JUDGMENT : Prayer: First Appeal filed under Order 44 Rule 1, r/w. Section 96 of C.P.C., against the judgment and Decree passed in O.S.No.525 of 2011 on the file of the I Additional District and Sessions Judge, Tirupur dated 02.04.2013. Aggrieved over the judgment and decree dated 02.04.2013 passed in O.S.No.525 of 2011 on the file of the I Additional District and Sessions Court, Tirupur, the plaintiff has preferred the First Appeal. 2. For the sake of convenience, the parties are referred to as per their rankings in the trial court. 3. Suit for partition. 4. The case of the plaintiff in brief is that one Chennimalai Gounder and Rangappa Gounder are brothers, being the sons of Rayappa Gounder. Chennimalai Gounder had three sons namely Karuppusamy Gounder, Pattae Gounder and Appachi Gounder. An extent of 8.40 acres of land with a well in S.F.No.180 originally belonged to the family of Chennimalai Gounder and his brother Rangappa Gounder ancestrally. Chennimalai Gounder and his three sons were cultivating the said lands along with Rangappa Gounder. From and out of income derived form the ancestral lands and by joint exertion, Chennimalai Gounder consisting of himself and his three sons had purchased an extent of 1.45 acres of land in S.F.No.42 and an extent of 6.54 acres in S.F.No.44 and a well in S.F.No.180 by way of a sale deed dated 18.07.1938. The abovesaid sale deed was taken in the name of Chennimalai Gounder, the Karta of the family, however the said properties were enjoyed as the joint family properties. Chennimalai Gounder died in the year 1948. On his demise, his three sons and Rangappa Gounder had partitioned the ancestral properties by way of a partition deed dated 09.08.1961, under which an extent of 4.20 acres in S.F.No.180 came to be allotted to the share of the sons of Chennimalai Gounder. Subsequently, Chennimalai Gounder’s three sons had partitioned the abovesaid extent of 4.20 acres orally and by way of the same, an extent of 1.33 acres described in the plaint A schedule was allotted to the share of Pattae Gounder. The properties purchased under the sale deed dated 18.07.1938 were partitioned amongst the three sons of Chennimalai Gounder orally and by way of the same, an extent of 3.58 acres described in the plaint B schedule were allotted to the share of Pattae Gounder.
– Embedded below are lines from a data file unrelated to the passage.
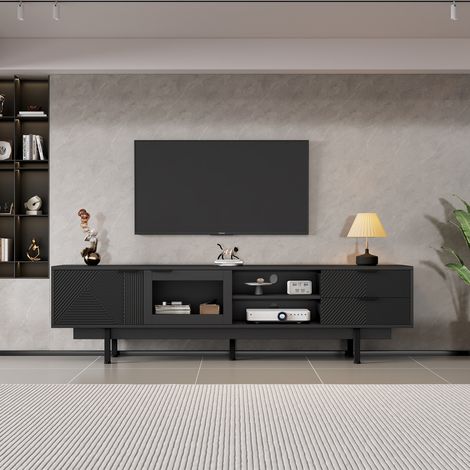 Grand rangement pour salon, banc TV noir avec porte en verre trempé, 200 cm, adapté aux téléviseurs 80 pouces (1/5)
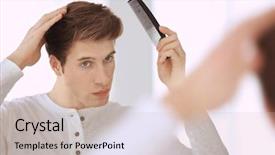  Presentation with blackwomen hair care - Theme featuring dandruff - handsome young man combing hair background and a soft green colored foreground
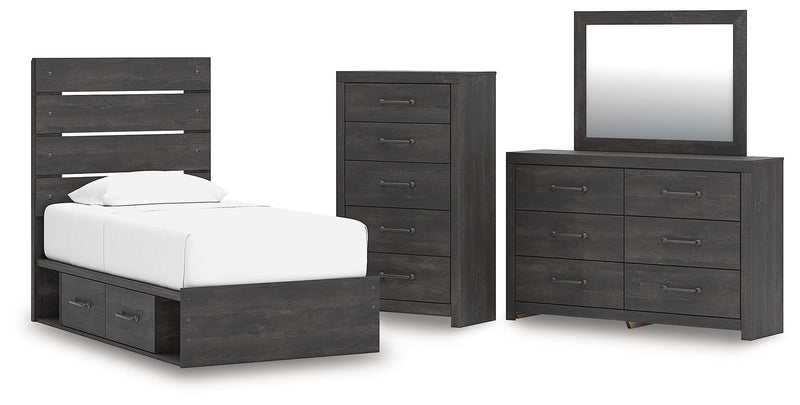 Hollivern Twin Panel Storage Bed, Dresser, Mirror and Chest
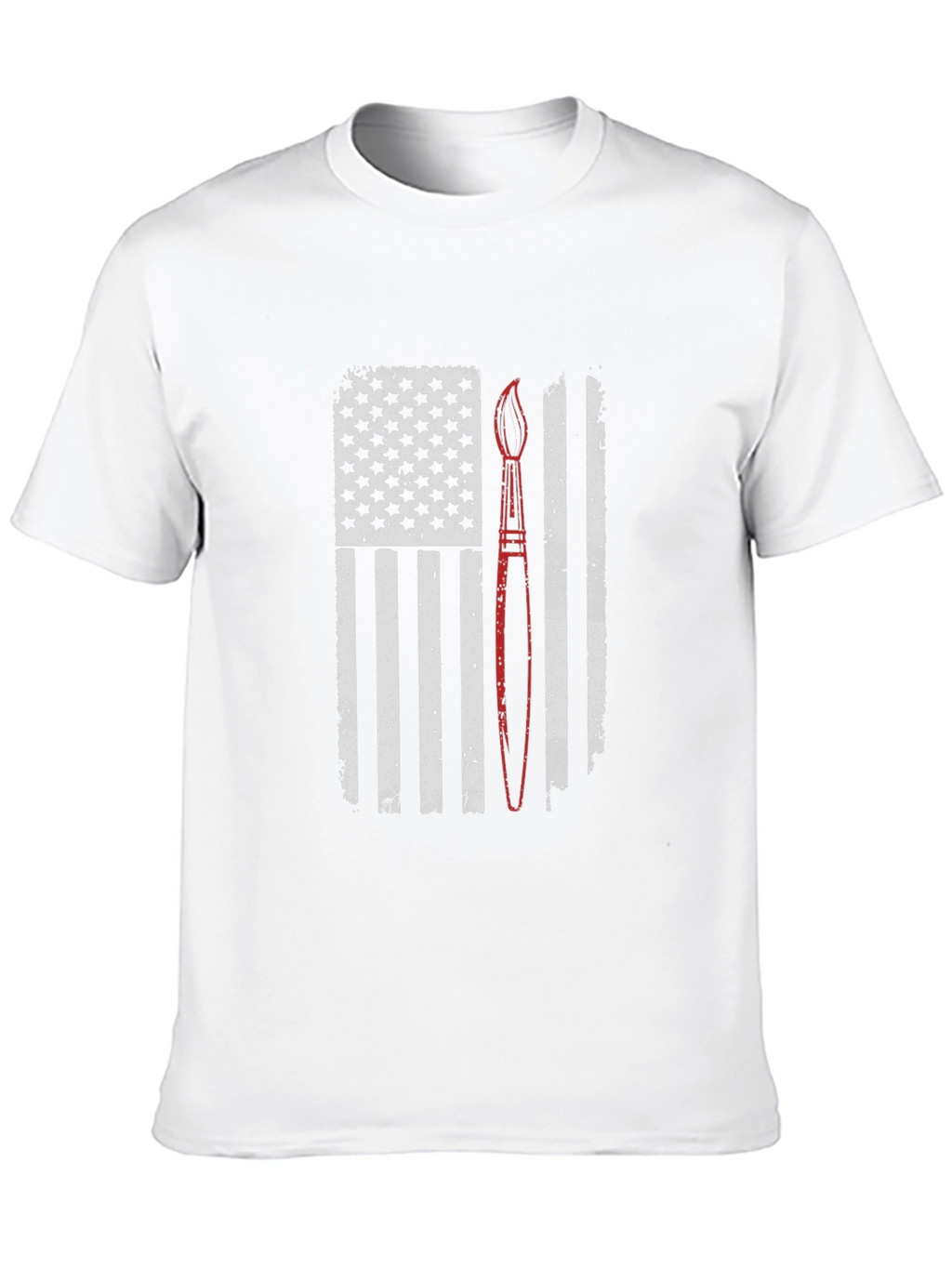 Patriotic Artist T-Shirt - Brush & US Flag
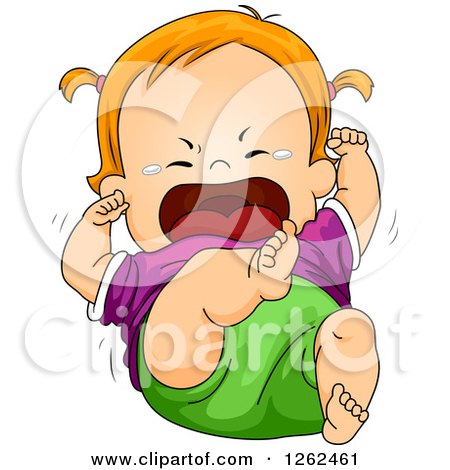 Clipart of a Red Haired White Toddler Girl Screaming and Crying in a Tantrum - Royalty Free Vector Illustration by BNP Design Studio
The properties purchased under the sale deed dated 18.07.1938 were partitioned amongst the three sons of Chennimalai Gounder orally and by way of the same, an extent of 3.58 acres described in the plaint B schedule were allotted to the share of Pattae Gounder. The house property set out in the plaint C schedule was allotted to Pattae Gounder by way of the partition deed dated 17.11.1980. Thus the plaint schedule properties are the ancestral and joint family properties of Pattae Gounder. The plaintiff and the defendants 1 and 2 are the sons and the defendants 3 and 4 are the daughters of Pattae Gounder. The plaintiff and the defendants 1 and 2 acquired a right by birth in the ancestral properties. Pattae Gounder died on 25.08.1998. On his demise, the plaintiff and the defendants 1 and 2 are each entitled to 6/20 share in the plaint schedule properties whereas the defendants 3 and 4 each entitled to 1/20 share in the plaint schedule properties. The defendants are, on the wrong impression that they are also entitled to obtain equal share in the plaint schedule properties by virtue of the Act 39 of 2005, refusing to amicably allot the share in the plaint schedule properties to the plaintiff and hence according to the plaintiff, he has been necessitated to seek for the partition in the plaint schedule properties and accordingly laid the suit for appropriate reliefs. 5. The defendants 1 and 2 have filed a memo before the trial court accepting the division of the properties as prayed for by the plaintiff and also paid the Court fees and accordingly prayed for the allottment of their shares in the suit properties. 6. The defendants 3 and 4 resisted the plaintiff’s suit and after admitting the relationship between the parties, putforth the case that the properties acquired by Chennimalai Gounder are his separate properties and contended that the plaintiff has to establish the partition effected on 09.08.1961 as well as the oral partition putforth by him and according to the defendants 3 and 4, they being the daughters of Pattae Gounder are entitled to obtain 2/5 share in the plaint schedule properties and accordingly contended that the plaintiff is not entitled to seek the partition and separate possession of 6/20 share in the suit properties as prayed for and sought for the dismissal of the plaintiff’s suit. 7.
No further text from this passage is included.